Endometrial Cancer

In Switzerland, around 900 women are newly diagnosed with endometrial cancer every year, and just over 200 women die as a result of the disease. Most women are over 70 years of age when the diagnosis is made, and it is often noticeable at an early stage by vaginal bleeding. Overall, endometrial cancer has a rather good prognosis. The therapy is usually not very aggressive, often removing the uterus alone together with the ovaries is sufficient. In some cases, however, more extensive surgery is required, sometimes additional radiation is required, and rarely chemotherapy. There are different types of endometrial cancer.
 

The much more common variant are less aggressive growths of the uterine lining as an expression of hormonal overstimulation (well to moderately differentiated endometroid carcinomas), which occurs e.g. through fatty tissue. In this respect, many women with endometrial cancer tend to be overweight and therefore also have other diseases such as diabetes mellitus and high blood pressure. If women are younger and develop endometrial cancer, it should be checked whether there is a hereditary colon cancer syndrome in the family (Lynch syndrome or HNPCC mutation). Much rarer are very aggressive tumors (poorly differentiated endometroid, serous or clear cell carcinomas, as well as Müllerian mixed tumors), which often already have settlements (metastases) in the lymph nodes when the diagnosis is made and must be treated more aggressively.
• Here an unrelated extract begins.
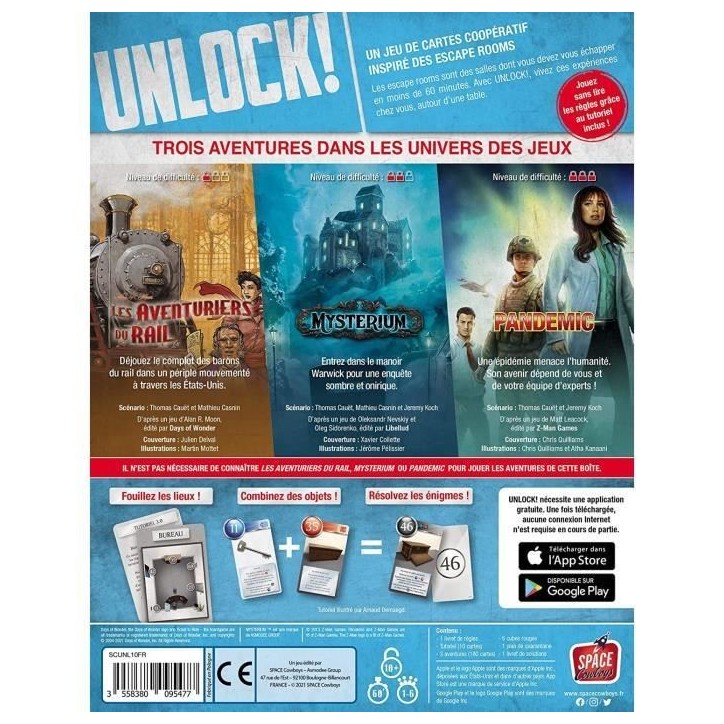 Asmodée - Space Cowboys - Unlock! : Game Adventures - Unbox Now - Jeu de société - a partir de 10 ans - 1 a 6 joueurs - 60 mi Asmodée - Space Cowboys - Unlock! : Game Adventures - Unbox Now - Jeu de société - a partir de 10 ans - 1 a 6 joueurs - 60 mi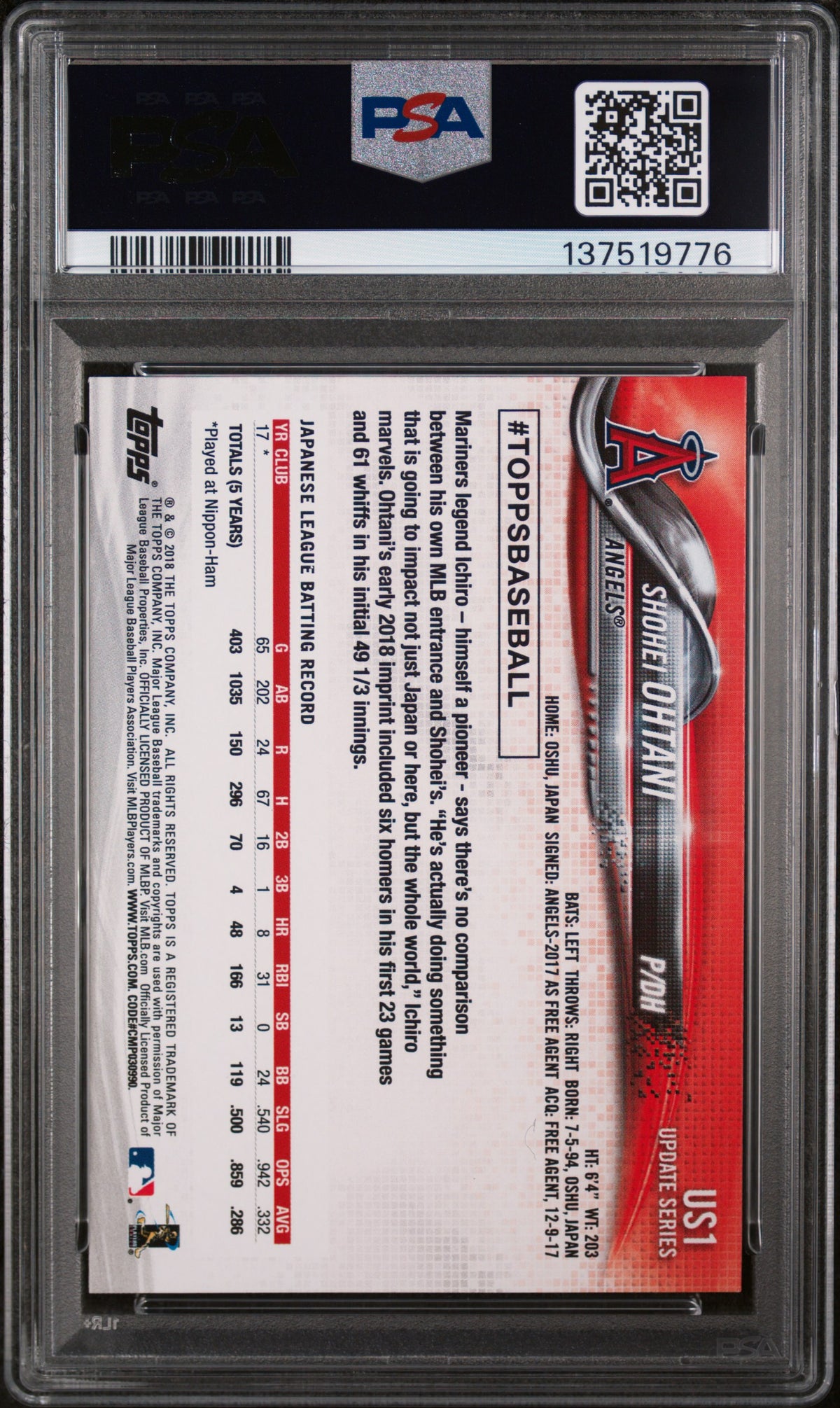 Shohei Ohtani 2018 Topps Update Los Angeles Angels Baseball Rookie Card #US1 Graded PSA 8 Cert #137519776-Powers Sports Memorabilia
Your prognosis is less favorable.
 
 

Surgery

The goal of the operation is to remove the uterus and ovaries. It has recently become established that, similar to other tumor diseases, metastasis in lymph nodes occurs through the analysis of the sentinel lymph nodes during the operation. If there are no metastases in these, then other lymph nodes are very unlikely to be involved. This process is very gentle and rarely has lasting consequences. If the sentinel lymph nodes are affected, more extensive surgery on the pelvic and abdominal lymph nodes is necessary, which often leads to permanent lymphatic congestion in the legs. Being overweight is also unfavorable.
 
Surgery for endometrial cancer should almost always be performed by a laparoscopy; an abdominal incision is rarely necessary.
 
 

Radiation treatment

Wenn ein Endometriumkarzinom wiederkommt, dann meistens als Rezidiv in der Vagina. Dem kann vorgebeugt werden, sodass durch eine Kontaktbestrahlung der Vagina ab einem bestimmten Stadium diese Rezidive deutlich vermindert werden können. Diese Therapie hat kaum Nebenwirkungen, allerdings kann die Vagina im Verlauf trocken sein und verkleben, sodass bestrahlte Frauen ihre Vagina regelmässig mit Cremes und Dilatatoren pflegen sollten.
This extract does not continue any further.